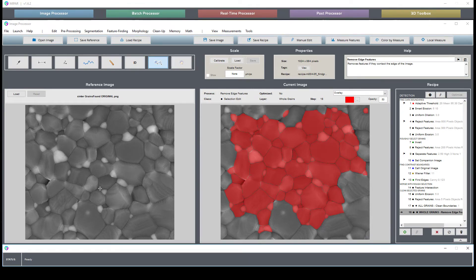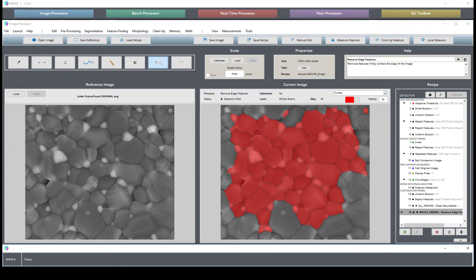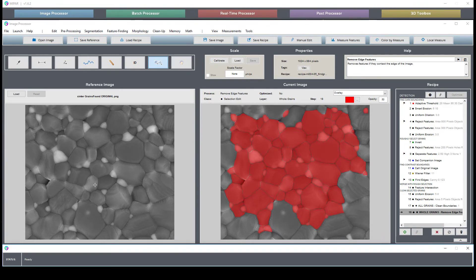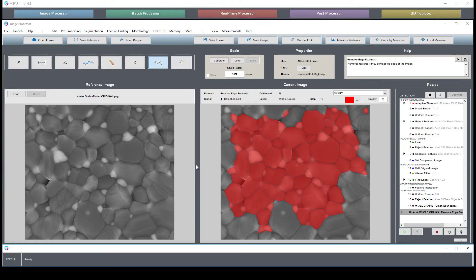If you find that your grain boundaries are not consistently dark, they vary from light to dark, and based on your etching and your specific sample, maybe look into running a standard deviation filter beforehand.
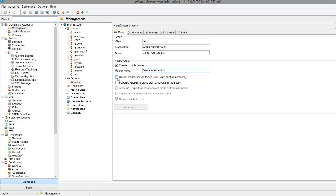If you want to make contact cards for every group member, just check off Populate Global Address List with all members. Even if you've listed the whole domain as a member of the group, the whole domain will immediately have access within the global address list.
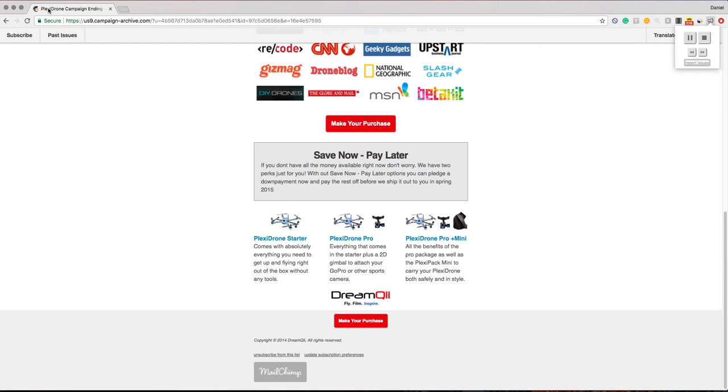Plexadrone Pro Plus Mini includes all the benefits of the Pro package as well as the Plexi Pack Mini to carry your Plexadrone both safely and in style. Make your purchase.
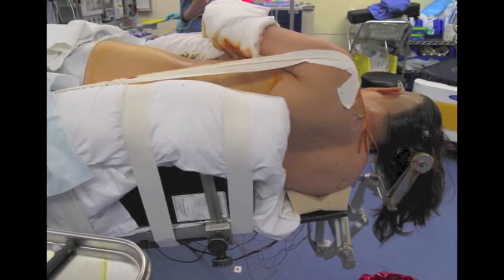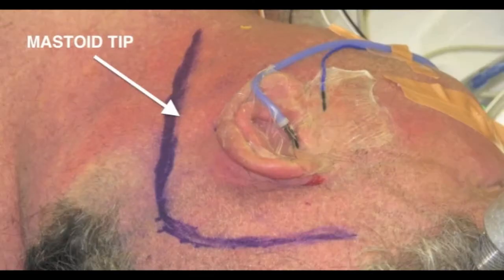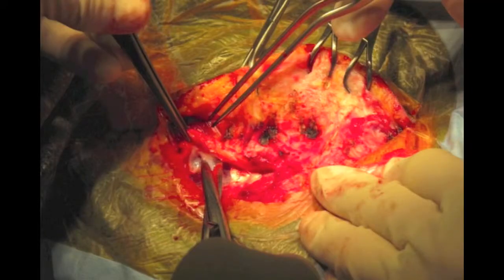The surgery is performed with the patient in a lateral position. A curvilinear skin incision is made behind the ear and extends down to the mid-cervical level. A transmuscular dissection is performed to expose the posterior lateral elements of C1 and C2. The operating microscope is then brought into the field.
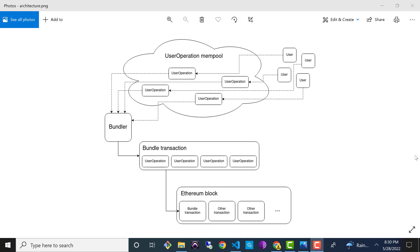User operations are created and signed by users and then sent to a special user operation mempool, similar to and parallel to the existing Ethereum transaction pool. A special entity called a bundler listens to this mempool, picks up new user operations, and bundles them into a single bundle transaction, which is then included into an Ethereum block like any other transaction. Bundlers could be miners, specialized MEV searchers, or your own application code.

### Your assignment
Without the pictures, give back the entries exactly.

### Finished task
If you find that your grain boundaries are not consistently dark, they vary from light to dark, and based on your etching and your specific sample, maybe look into running a standard deviation filter beforehand.
If you want to make contact cards for every group member, just check off Populate Global Address List with all members. Even if you've listed the whole domain as a member of the group, the whole domain will immediately have access within the global address list.
Plexadrone Pro Plus Mini includes all the benefits of the Pro package as well as the Plexi Pack Mini to carry your Plexadrone both safely and in style. Make your purchase.
The surgery is performed with the patient in a lateral position. A curvilinear skin incision is made behind the ear and extends down to the mid-cervical level. A transmuscular dissection is performed to expose the posterior lateral elements of C1 and C2. The operating microscope is then brought into the field.
User operations are created and signed by users and then sent to a special user operation mempool, similar to and parallel to the existing Ethereum transaction pool. A special entity called a bundler listens to this mempool, picks up new user operations, and bundles them into a single bundle transaction, which is then included into an Ethereum block like any other transaction. Bundlers could be miners, specialized MEV searchers, or your own application code.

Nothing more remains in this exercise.